Squirming through shear-thinning fluids

TL;DR

This paper investigates how shear-thinning non-Newtonian fluids affect the swimming behavior of spherical squirmers, revealing complex effects on speed and the limitations of traditional decomposition methods.

Contribution

It provides the first detailed analysis of swimming in shear-thinning fluids using asymptotic and numerical methods, highlighting nontrivial effects on swimmer speed.

Findings

Shear-thinning rheology causes both faster and slower swimming depending on surface actuation.

Traditional drag and thrust decomposition methods may not apply straightforwardly in complex fluids.

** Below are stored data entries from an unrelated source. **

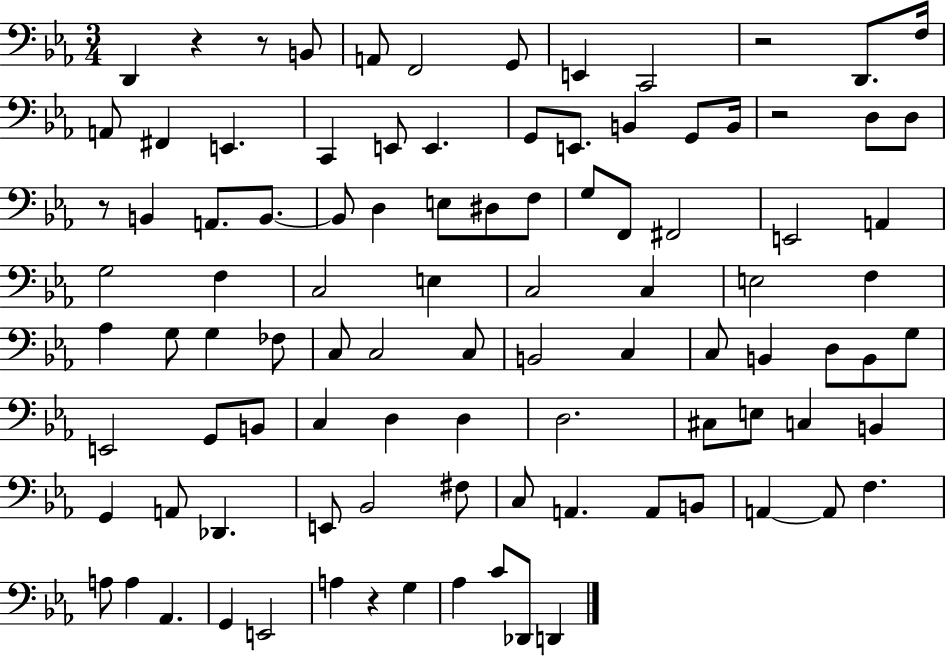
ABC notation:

X:1
T:Untitled
M:3/4
L:1/4
K:Eb
D,, z z/2 B,,/2 A,,/2 F,,2 G,,/2 E,, C,,2 z2 D,,/2 F,/4 A,,/2 ^F,, E,, C,, E,,/2 E,, G,,/2 E,,/2 B,, G,,/2 B,,/4 z2 D,/2 D,/2 z/2 B,, A,,/2 B,,/2 B,,/2 D, E,/2 ^D,/2 F,/2 G,/2 F,,/2 ^F,,2 E,,2 A,, G,2 F, C,2 E, C,2 C, E,2 F, _A, G,/2 G, _F,/2 C,/2 C,2 C,/2 B,,2 C, C,/2 B,, D,/2 B,,/2 G,/2 E,,2 G,,/2 B,,/2 C, D, D, D,2 ^C,/2 E,/2 C, B,, G,, A,,/2 _D,, E,,/2 _B,,2 ^F,/2 C,/2 A,, A,,/2 B,,/2 A,, A,,/2 F, A,/2 A, _A,, G,, E,,2 A, z G, _A, C/2 _D,,/2 D,,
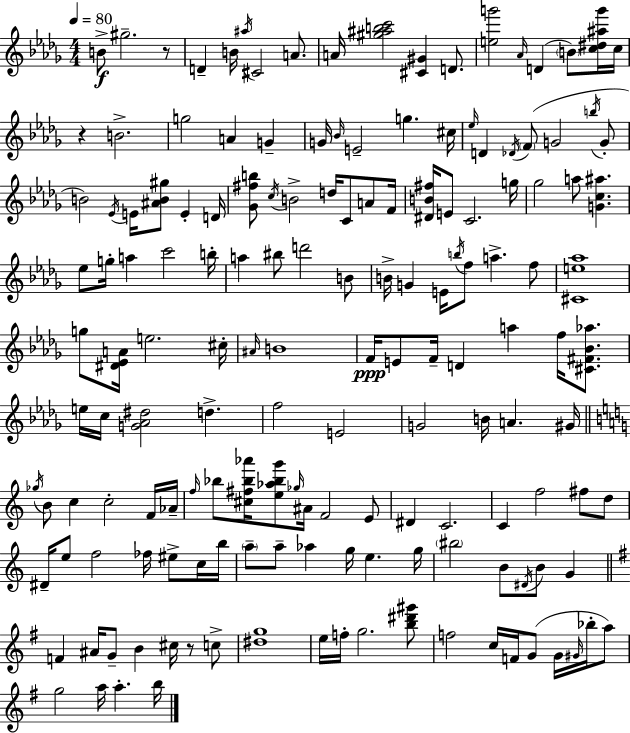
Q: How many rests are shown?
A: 3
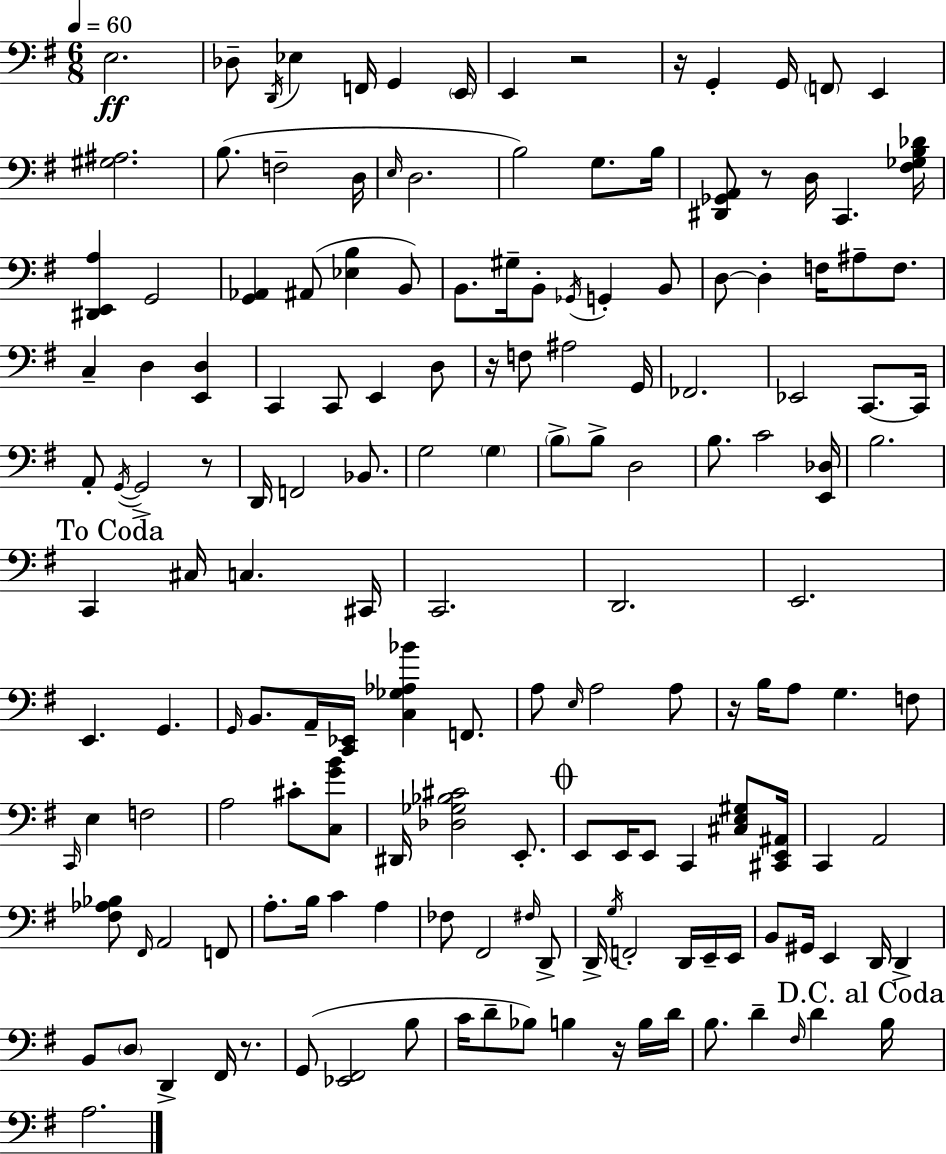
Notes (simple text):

E3/h. Db3/e D2/s Eb3/q F2/s G2/q E2/s E2/q R/h R/s G2/q G2/s F2/e E2/q [G#3,A#3]/h. B3/e. F3/h D3/s E3/s D3/h. B3/h G3/e. B3/s [D#2,Gb2,A2]/e R/e D3/s C2/q. [F#3,Gb3,B3,Db4]/s [D#2,E2,A3]/q G2/h [G2,Ab2]/q A#2/e [Eb3,B3]/q B2/e B2/e. G#3/s B2/e Gb2/s G2/q B2/e D3/e D3/q F3/s A#3/e F3/e. C3/q D3/q [E2,D3]/q C2/q C2/e E2/q D3/e R/s F3/e A#3/h G2/s FES2/h. Eb2/h C2/e. C2/s A2/e G2/s G2/h R/e D2/s F2/h Bb2/e. G3/h G3/q B3/e B3/e D3/h B3/e. C4/h [E2,Db3]/s B3/h. C2/q C#3/s C3/q. C#2/s C2/h. D2/h. E2/h. E2/q. G2/q. G2/s B2/e. A2/s [C2,Eb2]/s [C3,Gb3,Ab3,Bb4]/q F2/e. A3/e E3/s A3/h A3/e R/s B3/s A3/e G3/q. F3/e C2/s E3/q F3/h A3/h C#4/e [C3,G4,B4]/e D#2/s [Db3,Gb3,Bb3,C#4]/h E2/e. E2/e E2/s E2/e C2/q [C#3,E3,G#3]/e [C#2,E2,A#2]/s C2/q A2/h [F#3,Ab3,Bb3]/e F#2/s A2/h F2/e A3/e. B3/s C4/q A3/q FES3/e F#2/h F#3/s D2/e D2/s G3/s F2/h D2/s E2/s E2/s B2/e G#2/s E2/q D2/s D2/q B2/e D3/e D2/q F#2/s R/e. G2/e [Eb2,F#2]/h B3/e C4/s D4/e Bb3/e B3/q R/s B3/s D4/s B3/e. D4/q F#3/s D4/q B3/s A3/h.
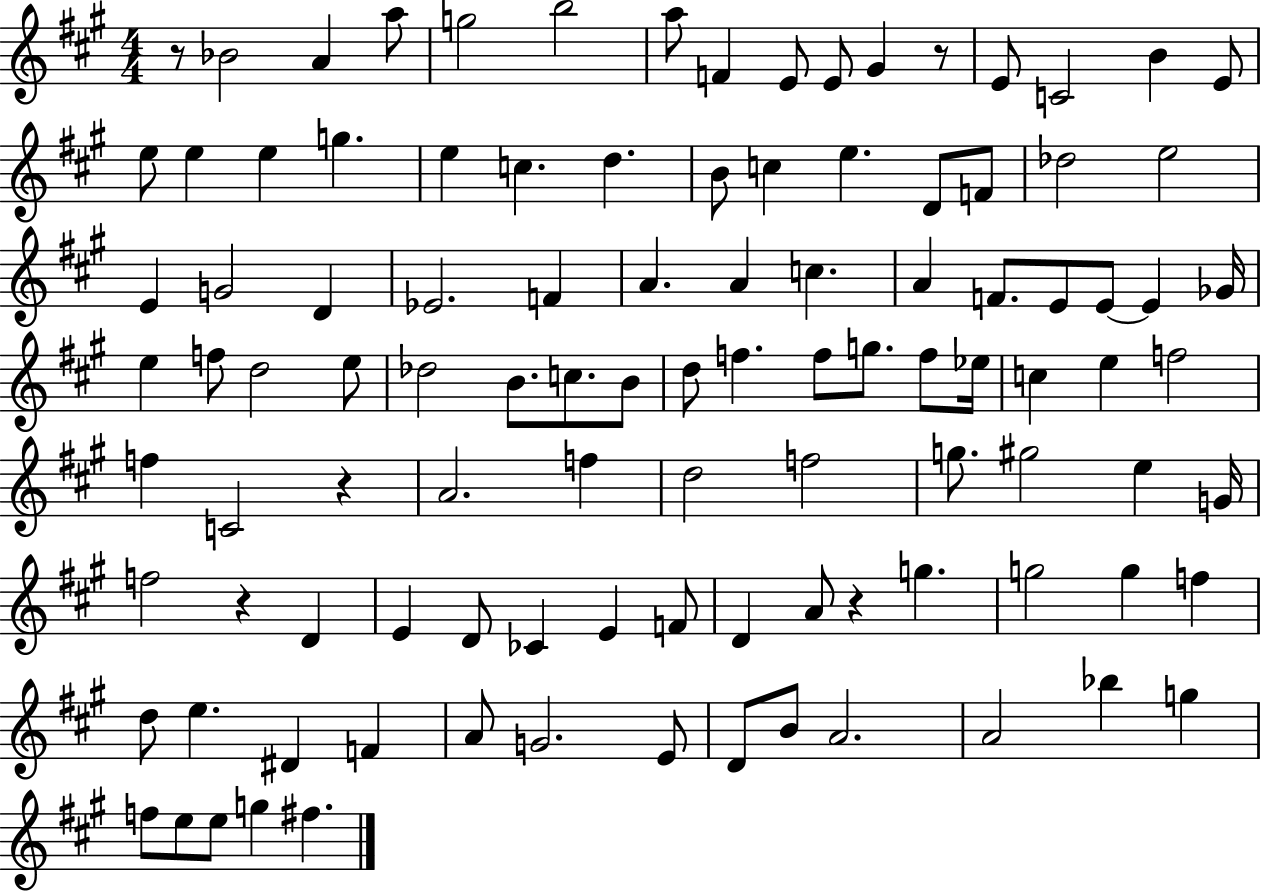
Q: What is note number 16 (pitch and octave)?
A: E5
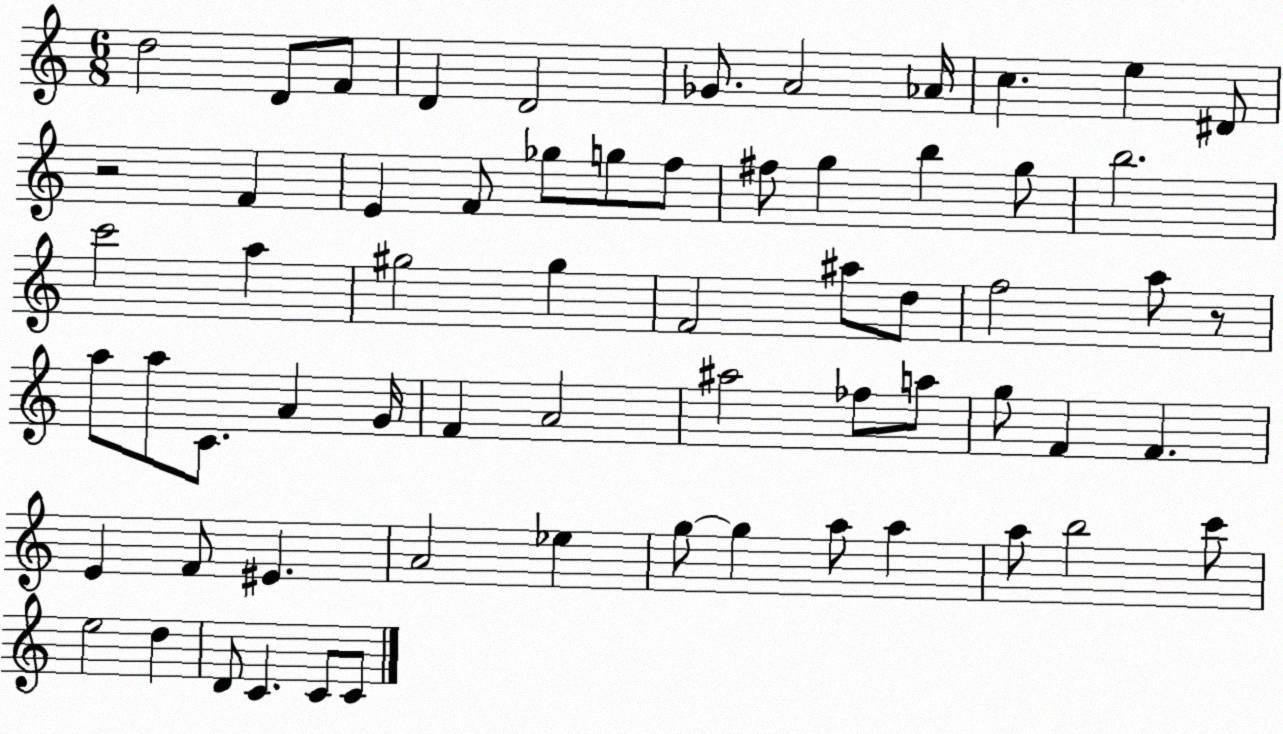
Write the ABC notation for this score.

X:1
T:Untitled
M:6/8
L:1/4
K:C
d2 D/2 F/2 D D2 _G/2 A2 _A/4 c e ^D/2 z2 F E F/2 _g/2 g/2 f/2 ^f/2 g b g/2 b2 c'2 a ^g2 ^g F2 ^a/2 d/2 f2 a/2 z/2 a/2 a/2 C/2 A G/4 F A2 ^a2 _f/2 a/2 g/2 F F E F/2 ^E A2 _e g/2 g a/2 a a/2 b2 c'/2 e2 d D/2 C C/2 C/2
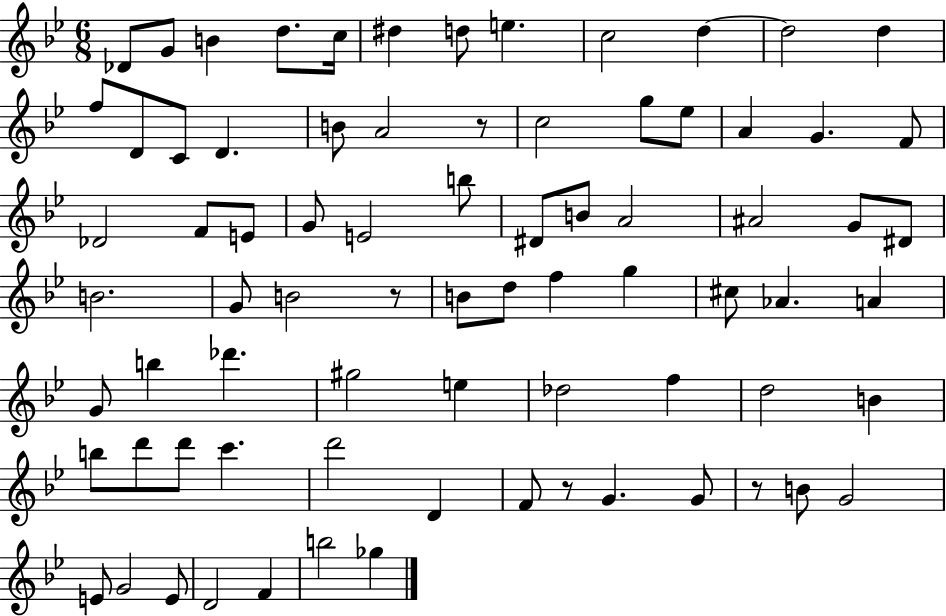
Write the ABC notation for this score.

X:1
T:Untitled
M:6/8
L:1/4
K:Bb
_D/2 G/2 B d/2 c/4 ^d d/2 e c2 d d2 d f/2 D/2 C/2 D B/2 A2 z/2 c2 g/2 _e/2 A G F/2 _D2 F/2 E/2 G/2 E2 b/2 ^D/2 B/2 A2 ^A2 G/2 ^D/2 B2 G/2 B2 z/2 B/2 d/2 f g ^c/2 _A A G/2 b _d' ^g2 e _d2 f d2 B b/2 d'/2 d'/2 c' d'2 D F/2 z/2 G G/2 z/2 B/2 G2 E/2 G2 E/2 D2 F b2 _g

The study combines asymptotic analysis with numerical simulations to explore swimmer behavior.

Abstract

Many microorganisms find themselves immersed in fluids displaying non-Newtonian rheological properties such as viscoelasticity and shear-thinning viscosity. The effects of viscoelasticity on swimming at low Reynolds numbers have already received considerable attention, but much less is known about swimming in shear-thinning fluids. A general understanding of the fundamental question of how shear-thinning rheology influences swimming still remains elusive. To probe this question further, we study a spherical squirmer in a shear-thinning fluid using a combination of asymptotic analysis and numerical simulations. Shear-thinning rheology is found to affect a squirming swimmer in nontrivial and surprising ways; we predict and show instances of both faster and slower swimming depending on the surface actuation of the squirmer. We also illustrate that while a drag and thrust decomposition can provide insights into swimming in Newtonian fluids, extending this intuition to problems in complex media can prove problematic.